Ohio University educates many bright scholars, some of whom are offered professional opportunities before they even receive their diplomas. These students may become highly successful, but still yearn for the sense of accomplishment a college degree brings. Thanks to the innovative Project Closure, College of Communication students have a way to realize their academic dreams.

Steve Orth, the college's student services specialist, created Project Closure.

"I realized that there were more and more off-campus class options for these former students - now adults with responsibilities - who were unable to return to Athens," Orth says. "I created Project Closure in 1999 for working College of Communication non-graduates who fell a few credits short of an official commencement."

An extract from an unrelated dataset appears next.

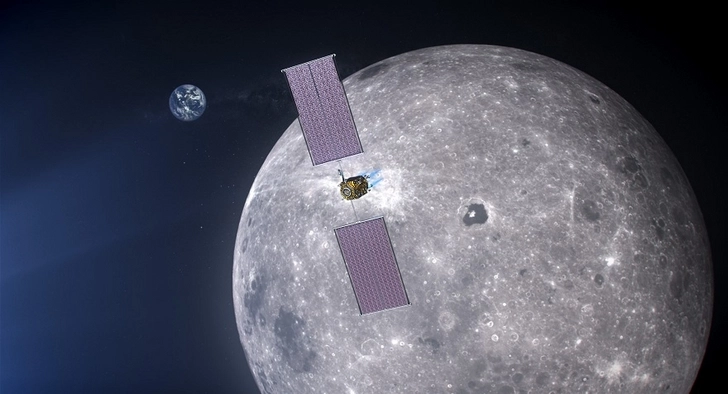 Космическая капсула NASA впервые за 50 лет достигла Луны - ФОТО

Before the program existed, "Today" anchor Matt Lauer encountered similar experiences. His dilemma - shared by other former college students - helped inspire Project Closure.

Lauer left Athens in 1979 to work at a television station, only four credits shy of graduation. Despite his professional accomplishments and notoriety, Lauer still hungered for his degree. After completing his academic requirements nearly 20 years following his departure, Lauer became the Class of 1997's most famous alumnus, even speaking at his own commencement.

Through Project Closure, non-graduates are contacted and encouraged to enroll in distance-learning courses. After students' needs are determined, they can choose from four options for completion: Correspondence courses, course credit by exam, independent learning projects and online classes. So far, 20 students have completed their undergraduate work with the assistance of Project Closure.

Lisa Jacobs and Roger Wilkerson, who attended Ohio in the early '80s, both received their degrees during winter quarter of 2003. Each accepted a lucrative job before graduation, and never thought it possible to finish their requirements. Nearly 20 years after leaving Athens, Jacobs enrolled in a keyboarding course, receiving her credit by exam. Wilkerson earned his credit by writing a paper on his professional work experiences.

"If it wasn't for Steve, it wouldn't have happened as quickly as I needed it," says Jacobs, on deadline when she entered the program. "I needed my diploma in 90 days. And it happened."

A great feature of Project Closure is its ability to help these students receive their degree in a fairly short amount of time. However, these students are held to the same standards as those enrolled on-campus.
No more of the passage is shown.